PROBLEM LINK:
Practice
Contest: Division 1
Contest: Division 2
Contest: Division 3
Contest: Division 4
Author: maximus11
Tester: kingmessi
Editorialist: iceknight1093
DIFFICULTY:
Simple
PREREQUISITES:
None
PROBLEM:
You have two strings A and B. In one move you can delete A_i from A, for a cost of i.
Find the minimum cost to convert A into B.
EXPLANATION:
Our only operation is to delete characters from A, so in the end what we’ll be left with is a subsequence of A.
This means if B is not a subsequence of A, it’s impossible to obtain B; and otherwise it always is.
Checking whether B is a subsequence of A is a well-known problem, and can be done greedily in linear time: iterate through A left-to-right, and try to match the current character of A with the leftmost unmatched character in B.
If all characters of B have been matched, it appears as a subsequence; otherwise it does not.
Now, when B does appear as a subsequence of A, we need to find the minimum cost possible.
That involves two decisions:
- We need to decide which subsequence of A will become B, i.e. which characters to delete and which to keep.
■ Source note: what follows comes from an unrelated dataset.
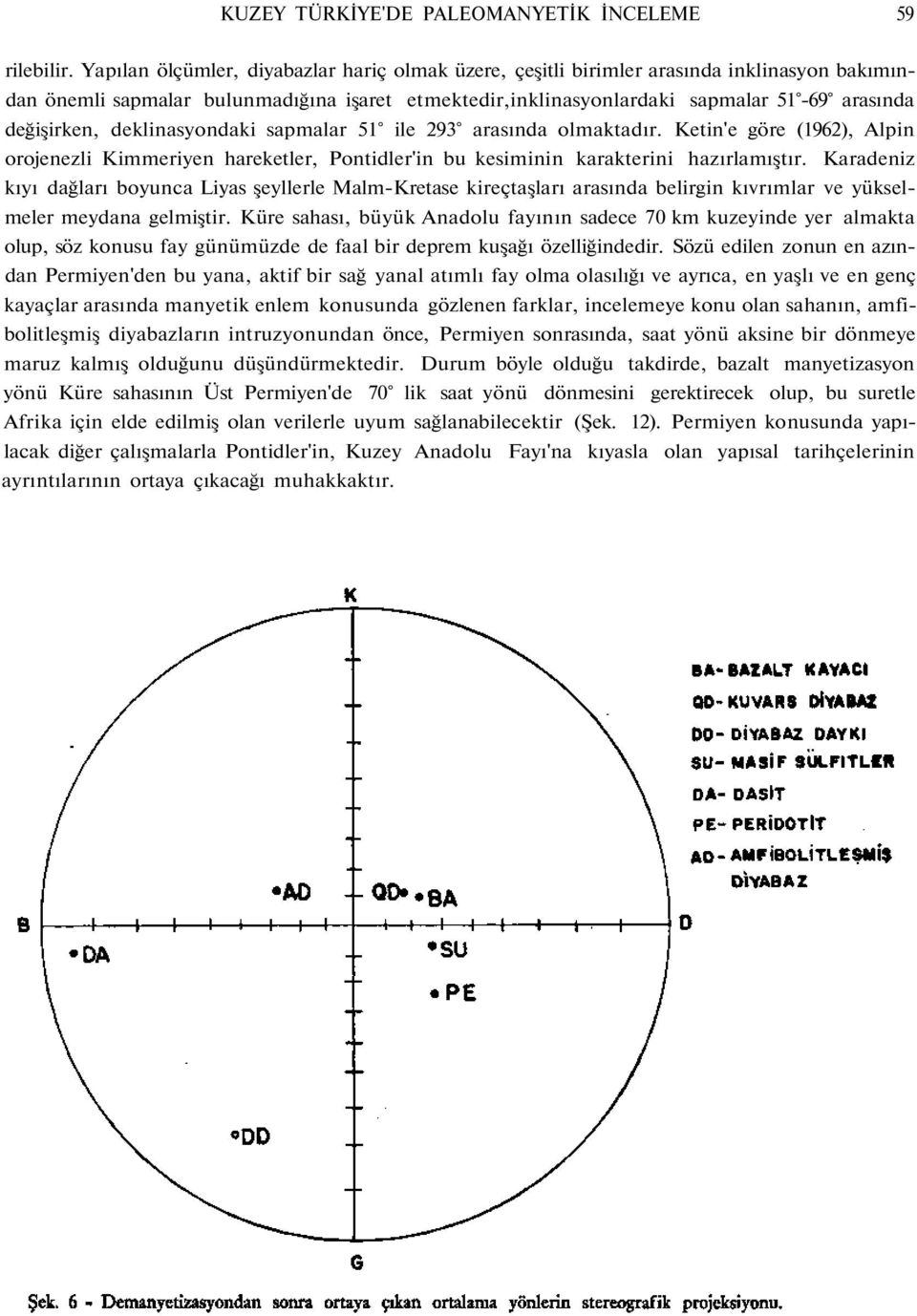 deklinasyondaki sapmalar 51 ile 293 arasında olmaktadır. Ketin'e göre (1962), Alpin orojenezli Kimmeriyen hareketler, Pontidler'in bu kesiminin karakterini hazırlamıştır.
- Once we’ve decided which characters to delete, we need to decide on the order in which they are deleted.
Let’s tackle the second issue first.
Suppose we want to delete the characters at indices i_1, i_2, \ldots, i_k, where i_1 \lt i_2 \lt \cdots \lt i_k.
Then, it’s not hard to see that for minimal cost, it’s best to delete them in ascending order.
This is because deleting i_1 first reduces the cost of deleting each other index by 1; whereas deleting anything else will not affect the cost of i_1 at all - so it’s optimal to delete i_1 first. Keep applying this argument to the rest of the sequence and we see that deleting in order i_1, i_2, \ldots, i_k is best.
Now, we need to figure out which subsequence of A that equals B, to keep.
Intuitively, deleting early characters of A is cheaper, so it makes sense to keep a ‘later’ occurrence of B in A.
This is in fact true: it’s optimal to keep the “last” occurrence of B in A, and delete everything else.
What does this mean?
Recall the algorithm to check whether B is a subsequence of A.
This algorithm finds the “first” occurrence of B in A, as in, each of the indices it chooses is minimal: there’s no way to move any of them further left and still find an occurrence of B as a subsequence.
This follows naturally from that fact that the choice is made greedily: the instant it’s possible to match a character, we do so.So, note that simply running this algorithm in reverse will give us the “last” occurrence of B in A.
That is, iterate over A from right to left, and try to match the current character of A with the last unmatched character of B.
This will give us the optimal subsequence to keep.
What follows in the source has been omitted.